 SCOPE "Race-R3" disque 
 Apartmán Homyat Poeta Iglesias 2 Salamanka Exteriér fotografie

----

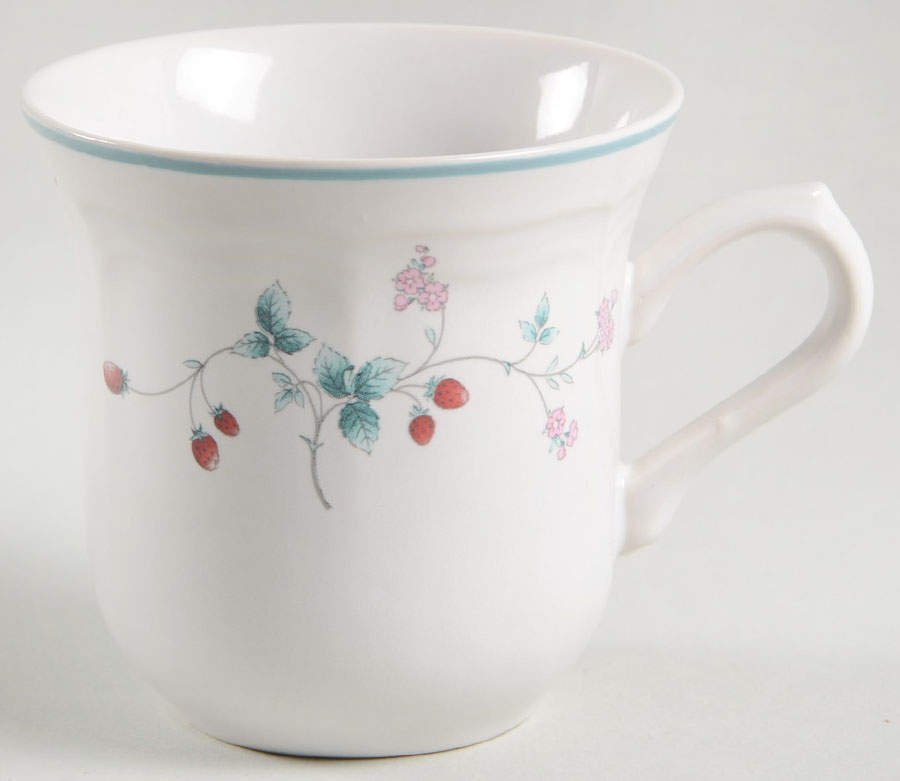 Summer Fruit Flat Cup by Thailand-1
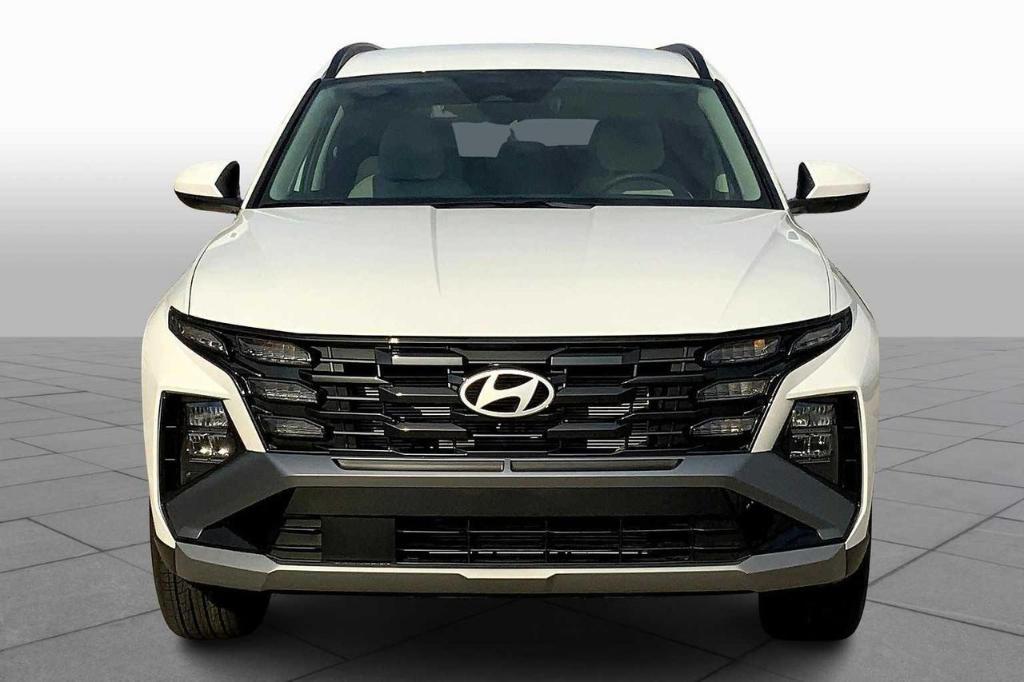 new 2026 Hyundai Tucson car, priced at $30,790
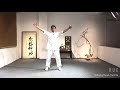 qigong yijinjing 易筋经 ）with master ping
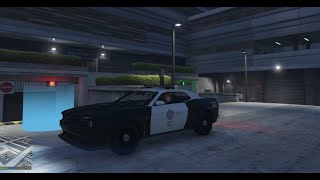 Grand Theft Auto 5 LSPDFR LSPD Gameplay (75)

----

*Task brief:* Copy out the listing above from the line containing "qigong yijinjing 易筋经 ）with master ping" to the line containing "Grand Theft Auto 5 LSPDFR LSPD Gameplay (75)", both included, exactly as written and minus the images.

*Response:*
 qigong yijinjing 易筋经 ）with master ping
 Grand Theft Auto 5 LSPDFR LSPD Gameplay (75)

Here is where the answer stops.